Of dat sentiment ook gedeeld wordt door de bredere bevolking is weer een andere vraag. De politieke geschiedenis leert dat kiezers niet meteen wildenthousiast worden van partijen die de noodklok luiden over het sociale beleid.

In het collectieve geheugen zit de harde campagne van de toenmalige VLD onder Guy Verhofstadt in 1995. Met apocalyptische affiches over ‘lege pensioenkassen’ zetten de liberalen zich toen ook af tegen de centrumlinkse regering Dehaene-Tobback. De VLD-campagne zette de toon, maar in het stemhokje bleef de verhoopte doorbraak uit, hoewel de socialistische SP juist toen het Agusta-schandaal over zich heen kreeg.

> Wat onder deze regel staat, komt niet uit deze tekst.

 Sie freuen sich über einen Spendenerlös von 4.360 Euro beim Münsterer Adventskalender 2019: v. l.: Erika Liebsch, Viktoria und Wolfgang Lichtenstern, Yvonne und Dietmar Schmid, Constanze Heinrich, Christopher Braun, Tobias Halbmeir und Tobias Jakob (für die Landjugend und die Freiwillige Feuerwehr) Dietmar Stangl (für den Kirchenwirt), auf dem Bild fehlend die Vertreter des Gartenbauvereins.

Vele kiezers, zo luidde de analyse achteraf, schrokken terug voor de shockdoctrine die Verhofstadt toen nog propageerde.

Natuurlijk is de N-VA-campagne niet helemaal te vergelijken met die falende aanpak van de liberalen van weleer. Met ‘Vlaamse welvaart’ bedekken de nationalisten hun lading met een hoopgevende vlag. Om die welvaart te behouden, viseren ze vooral inactieven, van wie er naar verhouding meer aan de andere kant van de taalgrens wonen en sowieso minder op de N-VA stemmen.

In wezen verschilt de tactiek van N-VA (en Open Vld) niet zo van die van de radicale partijen VB en PVDA. Ook die leggen de last op de schouder van de ‘ander’: bij de ene is dat de Waal en de migrant (VB), bij de ander de rijken (PVDA), en bij de N-VA dus de inactieven.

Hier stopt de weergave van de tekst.